Kasus Korupsi Helikoper AW-101, Eks KSAU Terima Dako Rp 17,7 Miliar
Sidang korupsi pengadaan helikopter AW-101 untuk TNI AU rugikan negara Rp 738 miliar.
REPUBLIKA.CO.ID, JAKARTA -- Jaksa penuntut umum Komisi Pemberantasan Korupsi (JPU KPK) mendakwa Direktur PT Diratama Jaya Mandiri John Irfan Kenway melakukan korupsi yang merugikan negara hingga Rp 738 miliar. Irfan terjerat kasus pengadaan helikopter angkut AW-101 untuk TNI AU.
"Melakukan atau turut serta melakukan perbuatan secara melawan hukum. Yaitu telah melakukan pengaturan spesifikasi teknis pengadaan helikopter angkut AW-101, melakukan pengaturan proses pengadaan helikopter angkut AW-101, menyerahkan barang hasil pengadaan berupa helikopter angkut AW-101 yang tidak memenuhi spesifikasi," kata JPU KPK, Arief Suhermanto ketika membacakan surat dakwaan di Pengadilan Negeri Tipikor Jakarta Pusat pada Rabu (12/10/2022).
Irfan didakwa melakukan kejahatannya bersama sejumlah pihak, termasuk dari pucuk pimpinan TNI AU. Irfan didakwa salah satunya memperkaya eks Kepala Staf Angkatan Udara (KSAU) periode 2015-2017 Marsekal (Purn) Agus Supriatna.

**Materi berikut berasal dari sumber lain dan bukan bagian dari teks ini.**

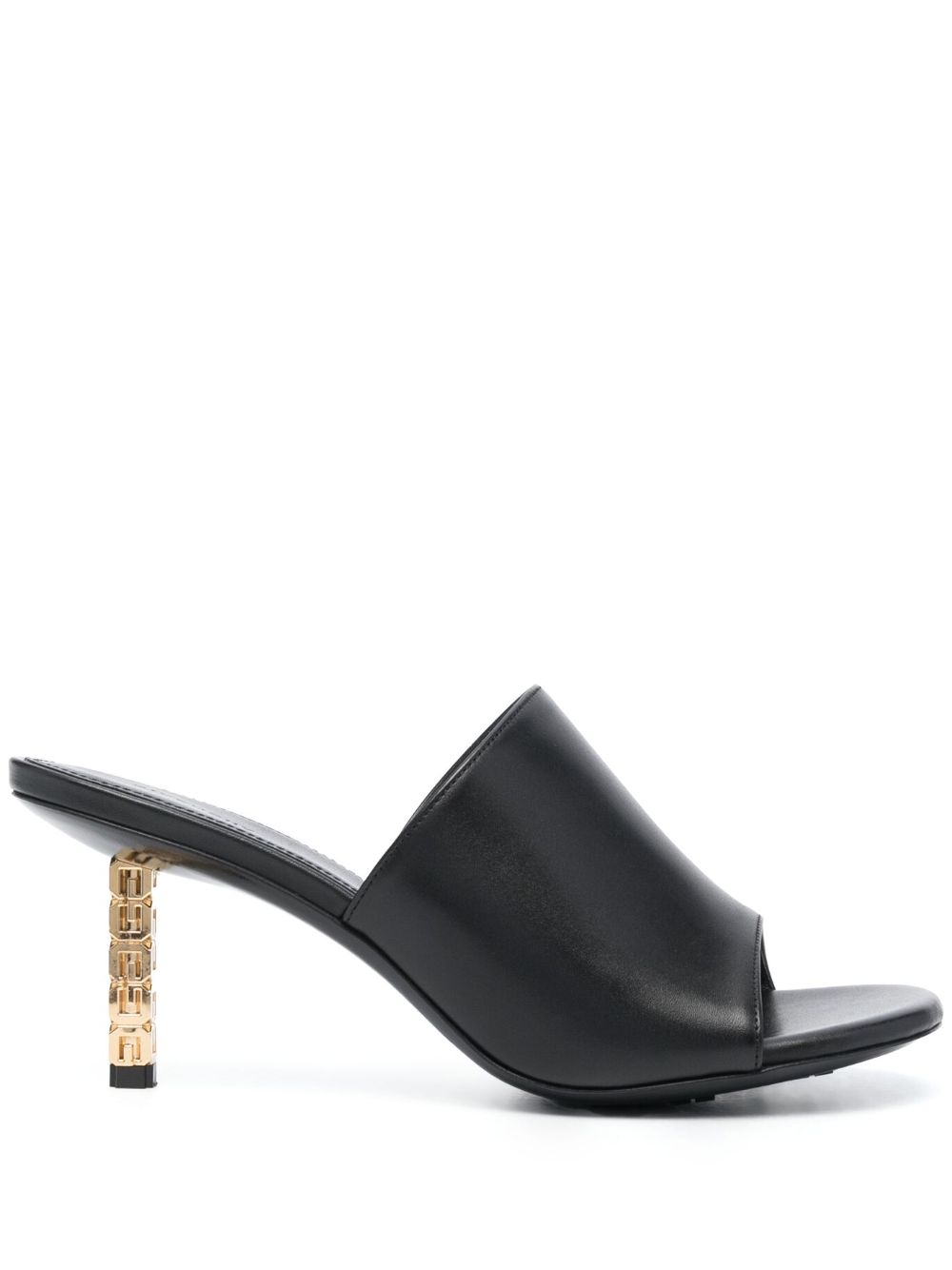 Givenchy G Cube 75mm leather mules - Black von Givenchy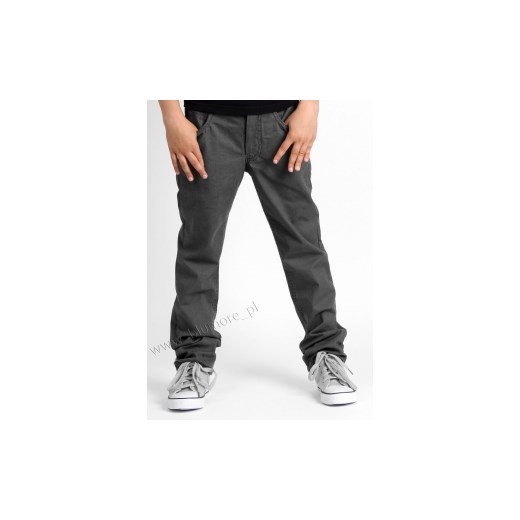 Lekkie spodnie chłopięce rurki slim 104 - 164 Alek blumore-pl bialy ciemny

Uang itu disebut sebagai dana komando (dako).
"Serta memberikan uang sebesar Rp 17,7 miliar sebagai dana komando untuk KSAU Agus Supriatna yang diambilkan dari pembayaran kontrak termin kesatu," ujar Arief.
Irfan didakwa melakukan aksi kejahatannya bersama pihak lainnya, yaitu Head of Region Southeast Asia Leonardo Helicopter Division Agusta Westland Products Lorenzo Pariani, Direktur Lejardo Bennyanto Sutjiadji, Marsekal (Purn) Agus Supriatna, Kepala Dinas Pengadaan AU (2015-Juni 2016), Marsma Heribertus Hendi Haryoko dan Kepala Dinas Pengadaan AU (Juni 2016- Februari 2017) Marsma Fachri Adami.
Mereka yang ikut kejahatan bersama juga mencakup Asisten Perencanaan dan Anggaran (Asrena) KSAU (2015-Februari 2017) Marsda Supriyanto Basuki serta Kepala Pemegang Kas Mabes AU (2015-Februari 2017), Letkol Adm Wisnu Wicaksono.
Dua perusahaan yang disebut turut menikmati hasil korupsi Irfan. Terdakwa Irfan dijerat memperkaya dua korporasi luar negeri, yaitu Agusta Westald senilai Rp 381 miliar dan Lejardo senilai Rp 146 miliar. Sedangkan Irfan tak luput dari mengeruk keuntungan pribadi dari kasus pembelian helikopter VVIP tersebut. "Memperkaya diri sendiri sebesar Rp 183 miliar," sebut Arief.
Akibat kejahatan tersebut, sambung dia, negara disebut mengalami kerugian yang luar biasa. Penghitungan kerugian negara sudah dilakukan oleh ahli dari unit Forensik Akuntansi Direktorat Deteksi dan Analisis Korupsi pada KPK. "Merugikan keuangan negara sebesar Rp 738 miliar," ucap Arief.
Akibat perbuatan tersebut, Irfan didakwa Pasal 2 ayat (1) subsider Pasal 3 Jo. Pasal 18 Undang-Undang (UU) Nomor 31 Tahun 1999 tentang Pemberantasan Tindak Pidana Korupsi sebagaimana telah diubah dengan Undang-Undang RI Nomor 20 Tahun 2001 tentang Perubahan atas Undang-Undang Nomor 31 Tahun 1999 tentang Pemberantasan Tindak Pidana Korupsi juncto Pasal 55 ayat (1) ke-1 KUHP.